Massachusetts AG Martha Coakley announced this week that she’s suing the big banks for mortgage fraud. Be still, my heart!
So you can see a noose tightening around the necks of the banks, who would like nothing better than to strike a deal where AGs release them from liability in return for a nominal fee. Not all the AGs are willing to take that step, as detailed above. And now, Coakley, who has been very good on this issue, is out with perhaps the most wide-ranging lawsuit against the big banks over foreclosure fraud. Recall that some favorable court rulings in Massachusetts, including the Ibanez case, have ruled that banks don’t have standing to foreclose in cases where they improperly assigned mortgages. That is part of the case law in Massachusetts, making it a fertile environment in which to pursue this case.
According to the Boston Globe MERS is also named in the lawsuit:
The suit, filed in Suffolk Superior Court, also names the private company Mortgage Electronic Registration System Inc. and its parent, MERSCORP Inc., as defendants, according to the attorney general’s office.
“The AG’s lawsuit seeks accountability for the banks’ unlawful and deceptive conduct in the foreclosure process, including unlawful foreclosures, false documentation and robo-signing, MERS, and deceptive practices related to loan modifications,’’ the news release from Coakley’s office said.
Yves Smith at Naked Capitalism:
GMAC is trying to get other big banks to follow suit. I hope the state and other groups that do substantial financial business with banks (largish churches are also attractive clients) make it clear than any effort to punish the state for enforcing the law will be met by moving their accounts to smaller institutions that respect the law.
From the Wall Street Journal:
GMAC Mortgage, the mortgage lender of Ally Financial Inc., is exiting the vast majority of its lending in Massachusetts a day after the state sued it over its foreclosure practices.
The nation’s fifth-largest mortgage originator said it “has taken this action because recent developments have led mortgage lending in Massachusetts to no longer be viable,” ratcheting up the high-stakes mortgage fight there….

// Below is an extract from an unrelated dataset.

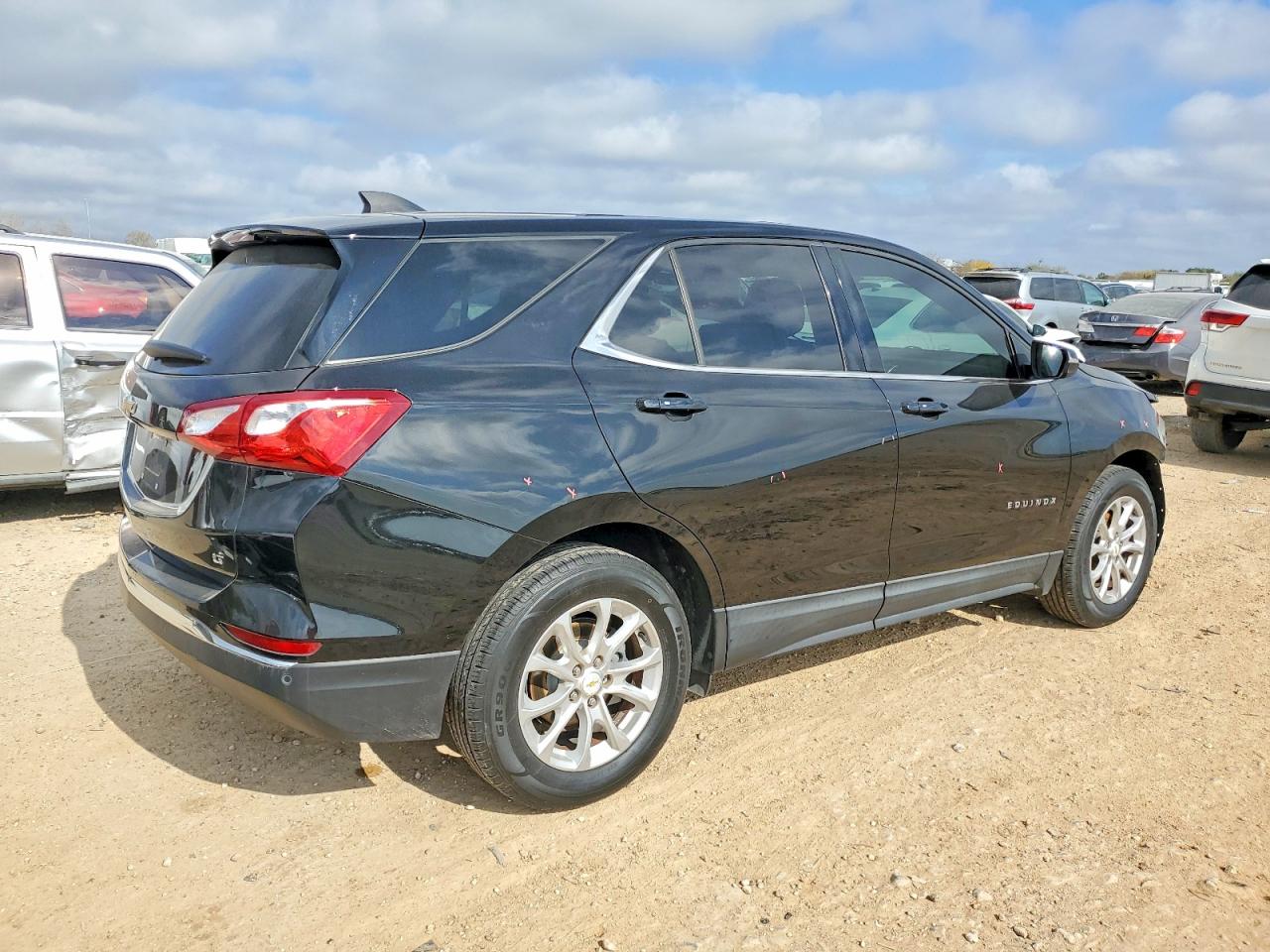2018 CHEVROLET EQUINOX LT photo 3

GMAC Mortgage will stop purchasing loans from correspondent lenders and wholesale brokers, which makes up the majority of the company’s business. The lender said it was “disappointed” but that “it has an obligation to manage risks and deploy capital in an appropriate manner and in a way that protects the investment of the U.S. taxpayer.”
Get a load of the sanctimoniousness. Since when do the interests of investors trump the rule of law? In fact, the logic is backwards, since investors are not well protected in a regime where laws are not respected. Does anyone want to invest in, say, Somalia?
Reader MBS Guy notes by e-mail:
Ally will stop lending in the state. Now litigation costs are too high in Massachusetts, according to Ally Bank, which is 74 percent owned by the US Treasury.
This is a bit funny, since the lawsuit involves issues with loans which were originated and, generally foreclosed, in the past. Ally has said that they have fixed all of their robo-signing issues, so it shouldn’t be a problem for newly originated loans.
Given its ownership structure, is this a pissy message to Massachusetts from Ally itself, or from its majority shareholder for tanking the AG Task Force?
And get a load of this part by an industry mouthpiece:
“It also sends a signal to Massachusetts and other states that if you make it difficult for lenders to act they will take their business elsewhere,” Mr. [Guy] Cecala of Inside Mortgage Finance said of GMAC’s decision. “There is no law you have to operate in all 50 states.”